Stronger investment in nonresidential structures, up 22.1%, and government spending, up 4.2%. Neither of these are remotely sustainable.
4.) Personal consumption expenditures increased 1.5%. This is the result of high gasoline prices.
Don’t read too much into the sharp moderation in real consumer spending — it is entirely attributable to the spike in gasoline prices… While the housing market is likely to show further deterioration, the biggest source of uncertainty in the outlook at this point is actually the future direction of gasoline prices.
To an extent, I agree with this analysis. Gasoline prices are very cyclical, rising in the summer and falling in the winter. However, this year the country had very high gas prices in the Spring. They rose very quickly and to very high levels starting in about February. Wal-Mart and other low-income targeting retailers mentioned these prices in their respective earnings reports. WM has started to mention high gas prices in their ads. The point here is gas prices broke with their usual cyclical pattern, rising when consumers weren't expecting them to rise. Now we're in the increasing part of the cycle when consumers are expecting higher gas prices. In addition, prices have come down a bit, although they are still high. This could have a somewhat positive effect on consumer behavior.
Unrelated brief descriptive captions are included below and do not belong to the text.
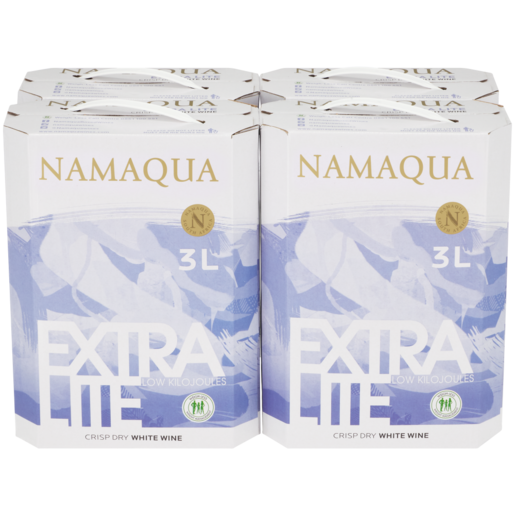 Namaqua Extra Lite White Wine Boxes 4 x 3L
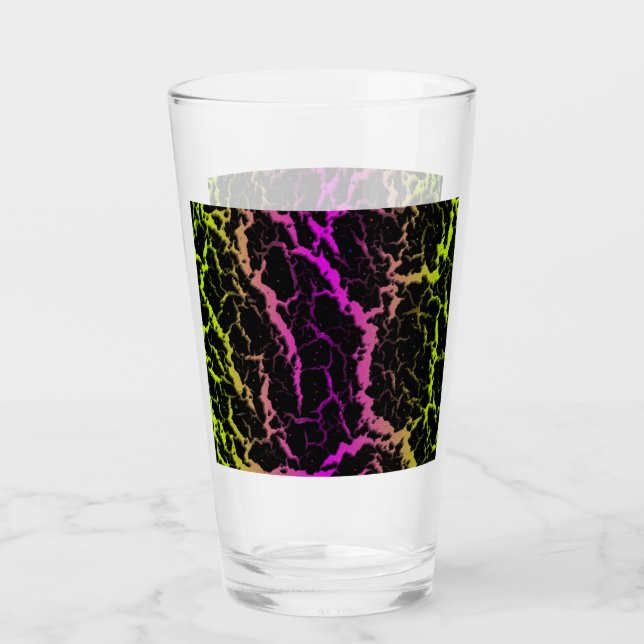 Risse Leerlaufbahn - Limon/rosa Glas (Vorderseite)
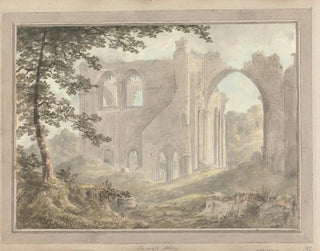 Amos Green - Views in England Scotland and Wales Tour in Scotland Furness Abbey.webp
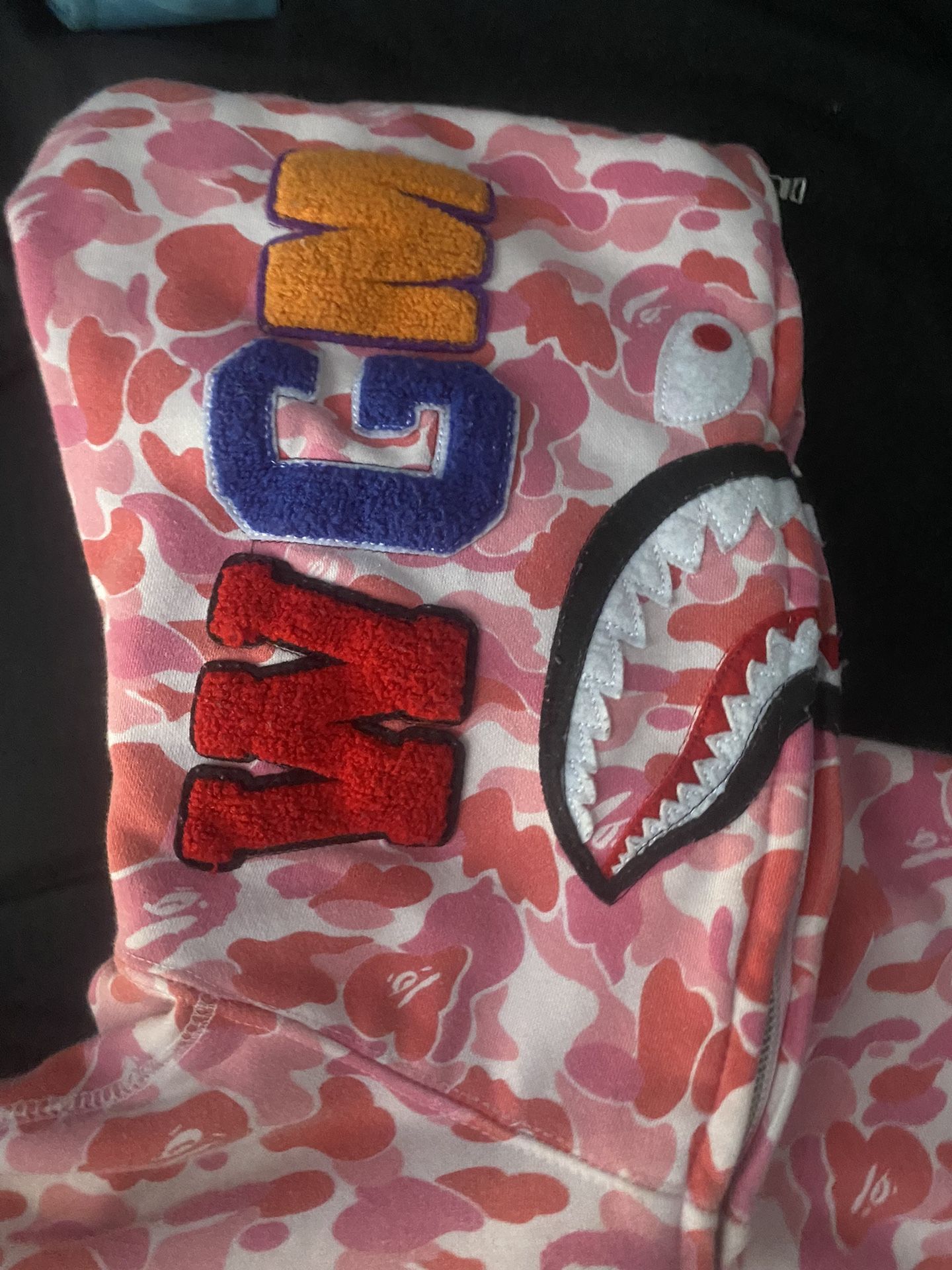 PINK BAPE JACKET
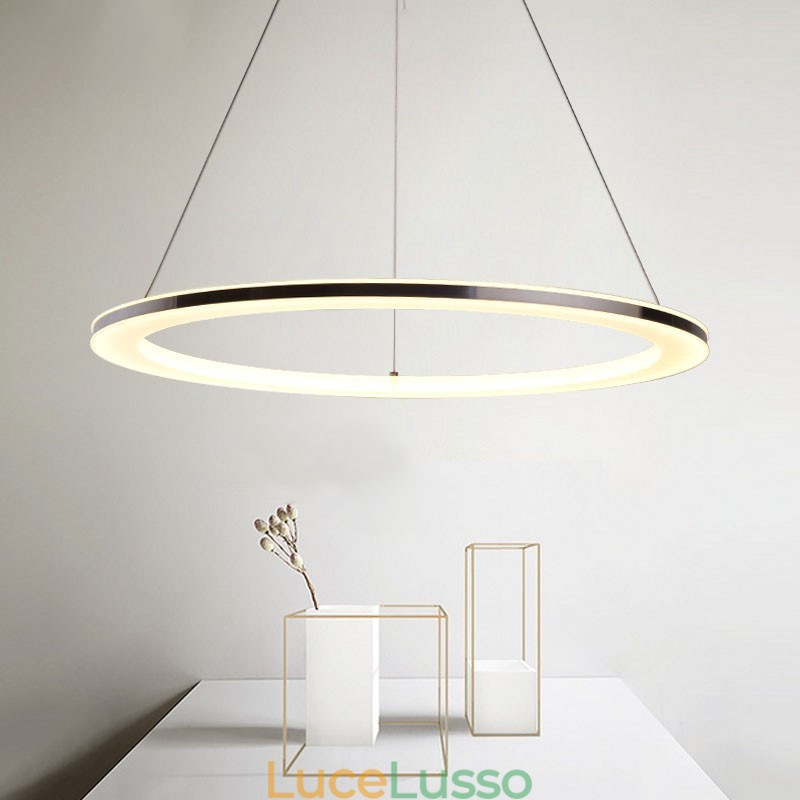 Lampade a sospensione moderne e contemporanee, soggiorno, sala da pranzo, bambini, metallo, telecomando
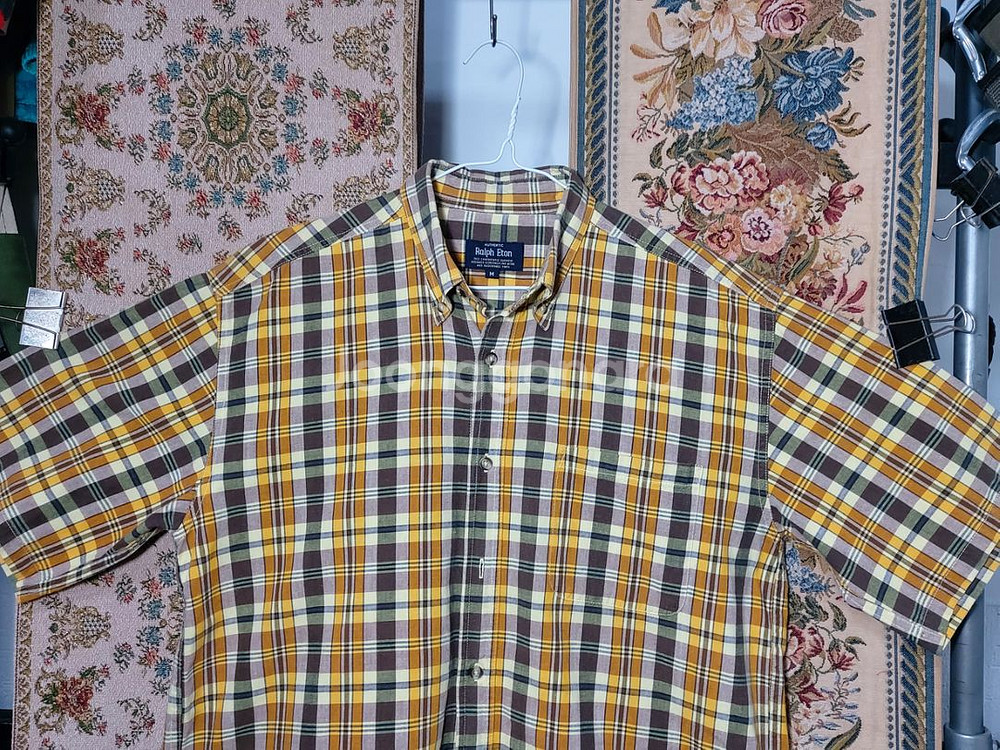 M 미노야 랄프이튼 루즈핏 체크 셔츠--3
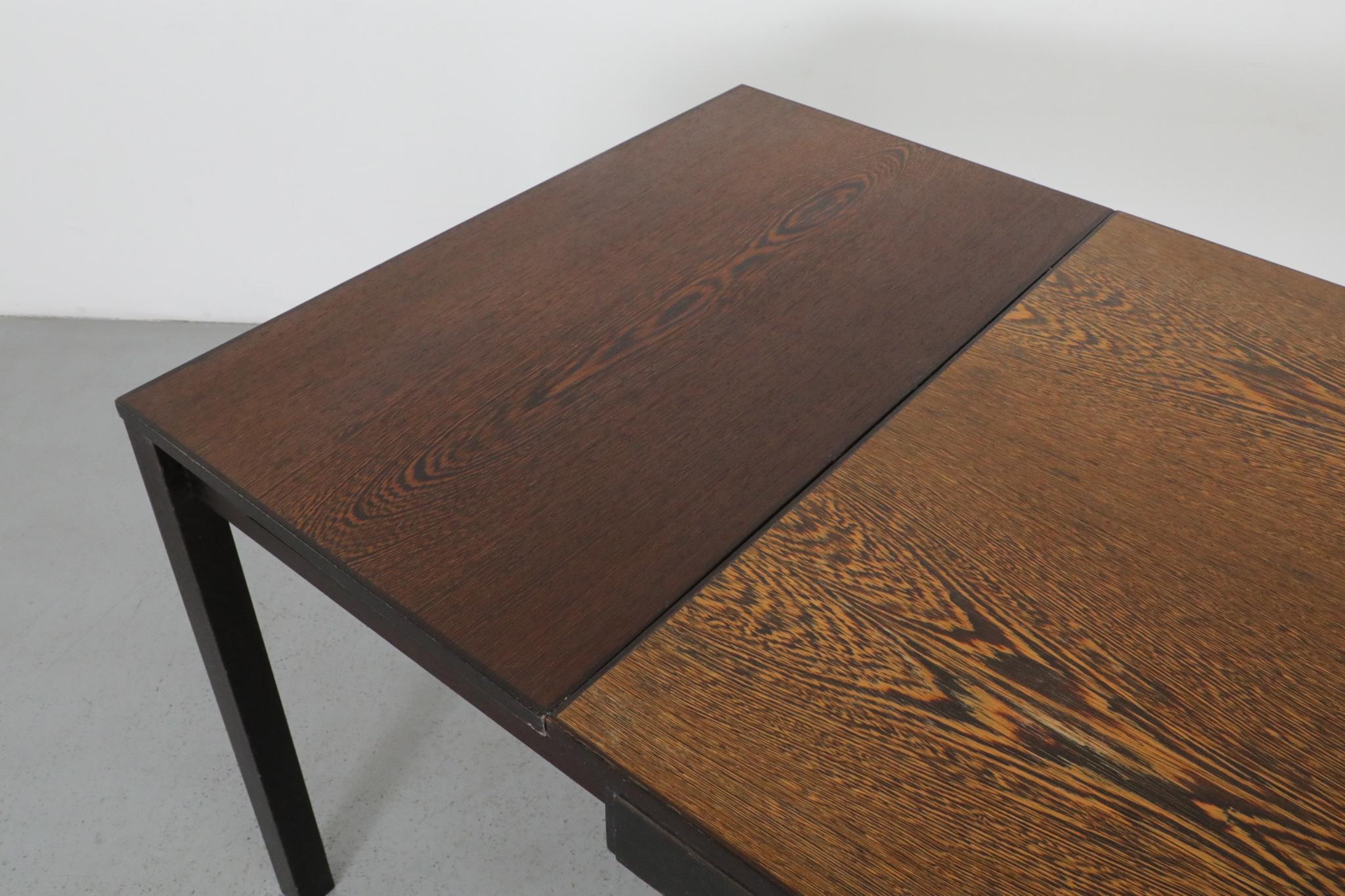 Metal Martin Visser and Walter Antonis for 't Spectrum Extendable Wenge Dining Table For Sale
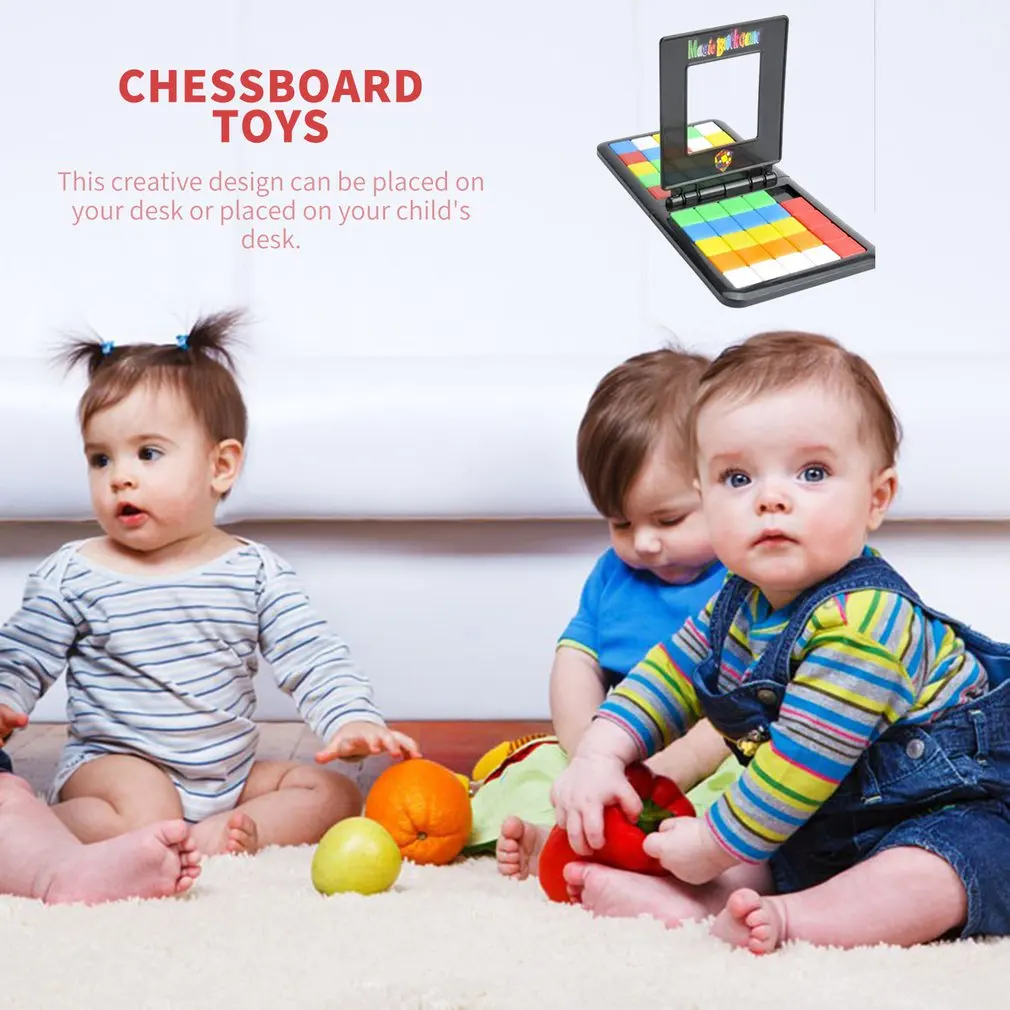 Puzzle Cube 3D Puzzle Race Cube Board Game Kids Adults Education Toy Parent-Child Double Speed Game Toy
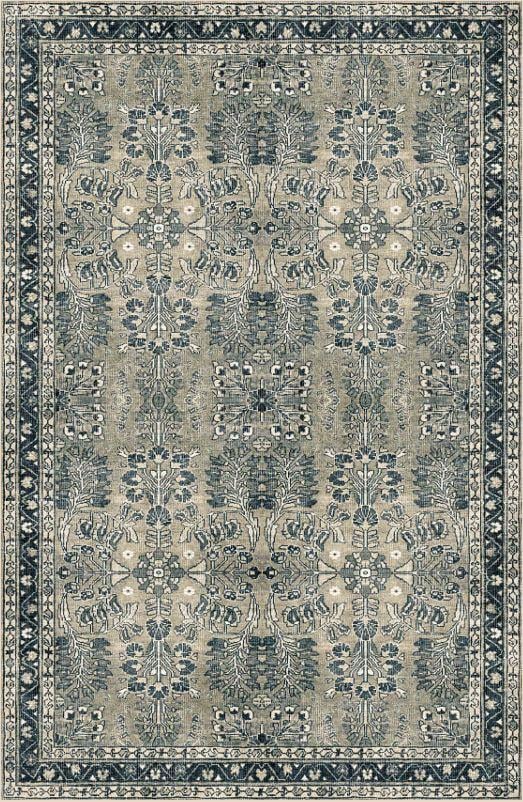 Çam Halı Siesta Vintage 32-549 Etnik Eskitme Desenli Dokuma Tabanlı Yıkanabilir Şönil Salon ve Oda Halısı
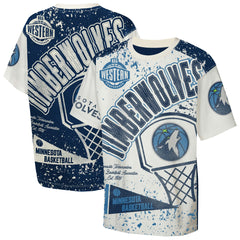 Cream Minnesota Timberwolves Outerstuff Youth Top Player All-Over-Print T-Shirt | NBA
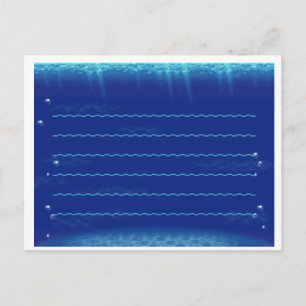 Tier überquert neues Leaf-Unterwasser-Stationär Postkarte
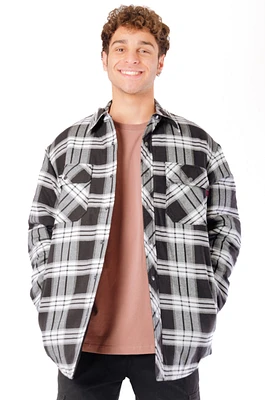 Quilt Lined Flannel Shirt Jacket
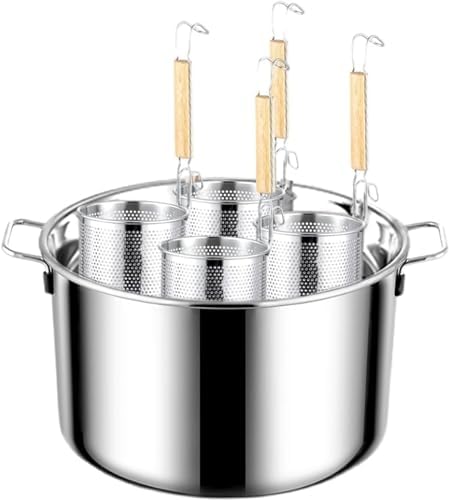 Stainless Steel 345 Holes Multipurpose Nonstick Pasta Strainer Set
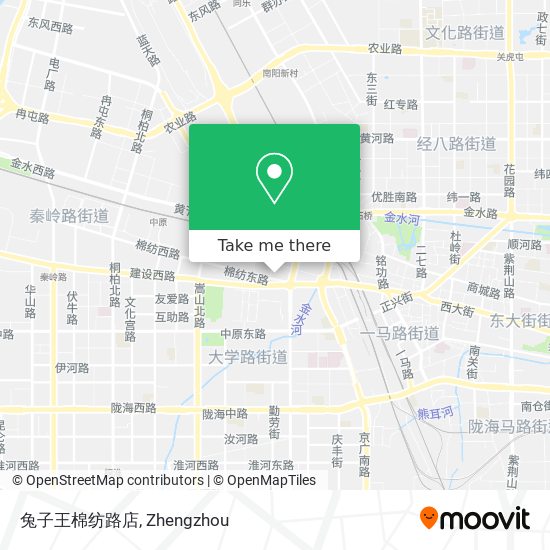 兔子王棉纺路店 map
On the negative side of consumer spending, we now have a volatile stock market. Will the market dampen consumer sentiment? The chances are it will have an impact, but the degree remains to be seen. Frankly, what happens over the next few weeks will be very important from this perspective. If the decline is short lived, the chances it will impact consumer sentiment are small. But the longer this lasts and the more volatile it is, the more pronounced the effect on consumer behavior.
And there is housing, which has been declining for over a year and shows no signs of forming a bottom anytime soon. Inventory levels are at all time highs and credit is contracting. Frankly, I've been surprised this hasn't had a negative impact on consumer spending over the last year. However, this housing slowdown is somewhat atypical. Usually the economy slows, which leads to a faltering housing market. This time around, the housing slowdown happened during an economic expansion. This may have limited the downward economic pressure from the housing slowdown. But now that GDP growth has slowed, housing may start to increase in prominence from a consumer spending perspective.
Here's a good summation of the consumer spending situation:
"Maybe the equilibrium we had where jobs, wages and equities were offsetting the negatives of higher energy price and housing head winds has shifted to where we move to a slower growth profile for consumer spending," Gregory said. "We'll see in the next month or two, but that's definitely the risk that's out there."
3.) Net exports added 1.18 of the 3.4% increase. While this number might not come in as high in the third quarter, the dollar is cheap and other economies are growing. There is no reason to expect this number to not add positively to GDP in the third quarter.
4.) Business spending outside of structures added just .17 to the 3.4% number. This is a very weak area of the economy and runs counter to what some people have been arguing would happen (including myself). Although business balance sheets are in good shape, corporate boards may move to a more conservative perspective, arguing to ride out the weak domestic economy with their high levels of cash rather than increase money on expenditures. This would make a great deal of sense for most companies.